First, our process encouraged us to plan more work than time allowed. This was due to there being a missing connection between day-to-day progress and the “big picture,” the overall plan. Second, though the new team leader may have believed there was consensus, the team in fact did not wholly agree with the priorities for iterations. This behavior was not specifically discouraged by our planning process and so allowed to persist. Third, leftover work was not addressed during planning. Some tasks might simply expire while others may change priority, becoming more or less important with a new iteration. Since this wasn’t addressed it created a sense of urgency for individuals carrying over work from iteration to iteration. Finally, assigning milestone owners had unanticipated side effects. The goal was to ensure that someone was taking responsibility for coordinating and monitoring milestone work. This worked so effectively that milestone owners exhausted themselves attempting to finish milestones and resisted changes to the plan that prevented them from finishing what was promised.

When it came time to make a necessary modification to the plan, our process encouraged us to fight against the best course of action for the team. We didn’t have the level of flexibility needed due to our process’s affordances nudging us to do the wrong things. Milestones were slipping and people wanted to finish what they started. Project priorities were shifting as the project matured but team members were wearing blinders, ignoring the changing facts around us. To stand a chance at success we had to change the affordances in the planning process. We had to nudge the team in a new direction.

Our Solution

To try to solve this problem we decided to incorporate some of the planning principles from Scrum, specifically the product backlog, sprint backlog, and sprint planning meeting, into our planning process. Scrum takes a more task-oriented approach when planning iterations and correlates the sprint backlog with the product backlog. This better encourages the team to not plan more work than there is time to complete while connecting day-to-day work with the overall plan. Scrum also requires that the team reprioritize work when planning iterations and that we agree on the resulting priorities. This will hopefully eliminate the prioritization conflicts we experienced during iterations. With Scrum, leftover work from iterations is saved in the product backlog. This change decreases the anxiety team members feel when work is left undone (because the work is not forgotten) while simultaneously giving the team more flexibility to change direction as the project progresses. Finally, the team, rather than individuals, takes ownership over the milestones held in the product backlog. With each commitment made during iteration planning, the whole team buys in effectively shifting the passion and dedication individuals held for owned milestones to the commitments we agreed on as a team.

I’m not really sure how Scrum is going to turn out for us. I think the most important thing is that we recognized that something was not working and took action to correct it. I personally would rather see the team fail in a new and spectacular way rather than repeating the same mistakes again and again.
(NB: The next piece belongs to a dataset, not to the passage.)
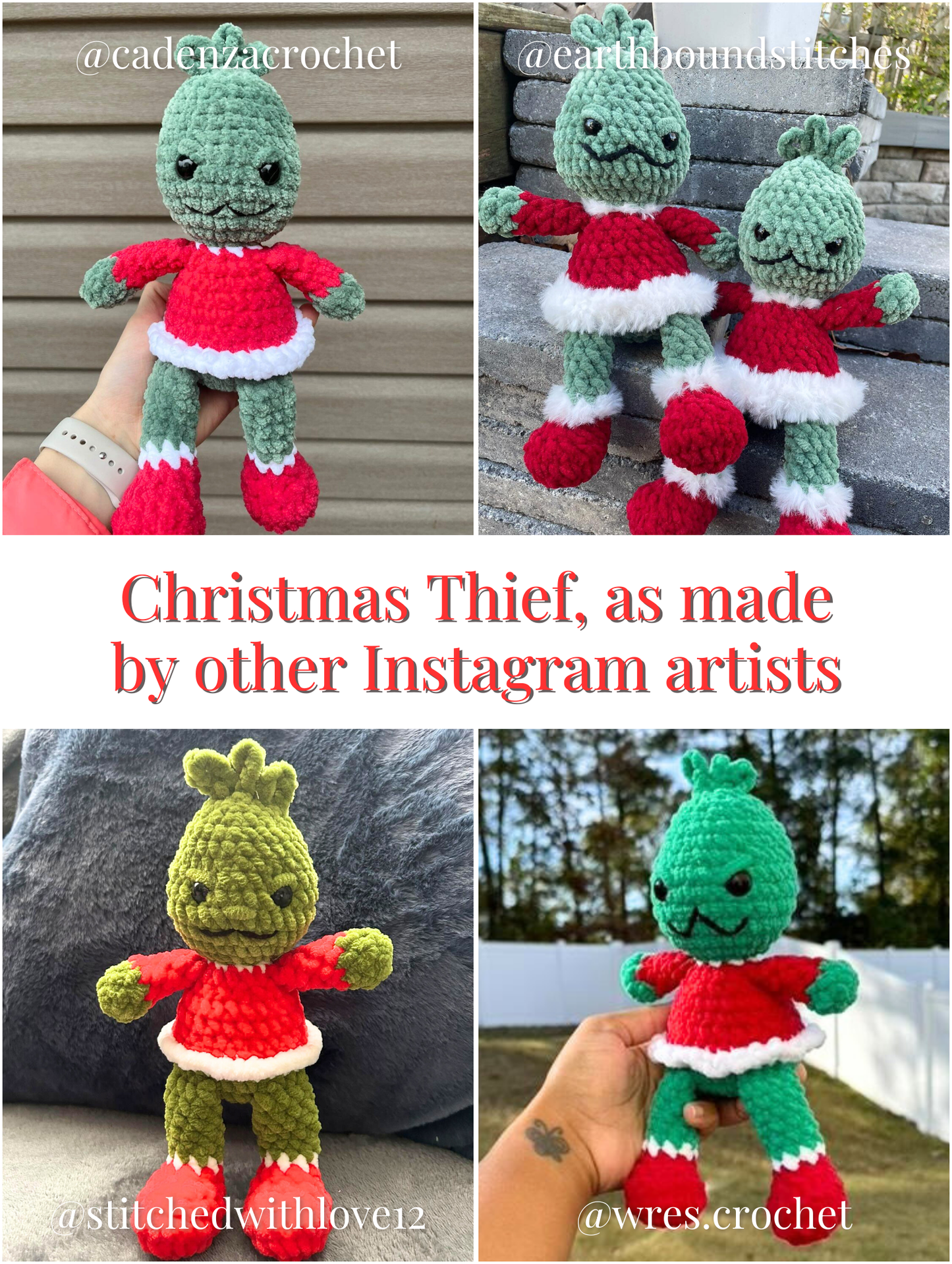 Christmas Thief Crochet Pattern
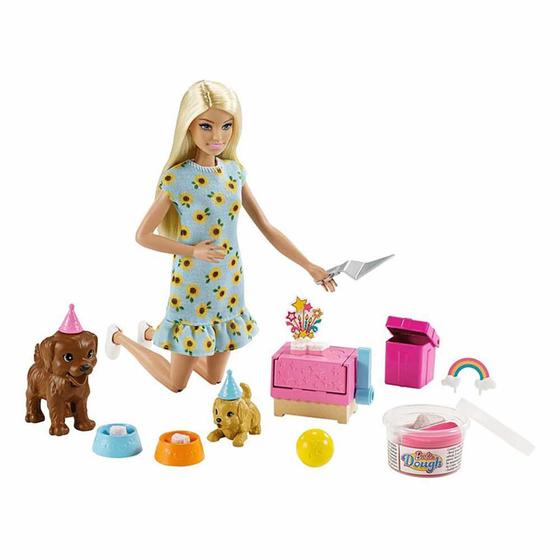 Imagem de Conjunto e Boneca - Barbie Sisters e Pets - Aniversário de Cachorrinhos - Mattel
Add This to Your Silver Toolbox

Unfortunately, I don’t think there is a trick for detecting these sorts of process failures. Data and metrics can help but only if the process is repeatable and the team has the knowledge and discipline to collect the data in the first place. Team postmortems can help but if individuals are afraid to raise concerns, you’ll find yourself on a trip to Abilene before you realize it. In many cases, if you think something isn’t going well, others are probably thinking the same thing. Once I spoke up I found out that others thought something wasn’t working also. I was just the first person who was able to articulate it.

Affordances are powerful but subtle mechanisms. In well designed things, we aren’t supposed to be consciously aware of them. But that doesn’t mean they always nudge us to do the right thing.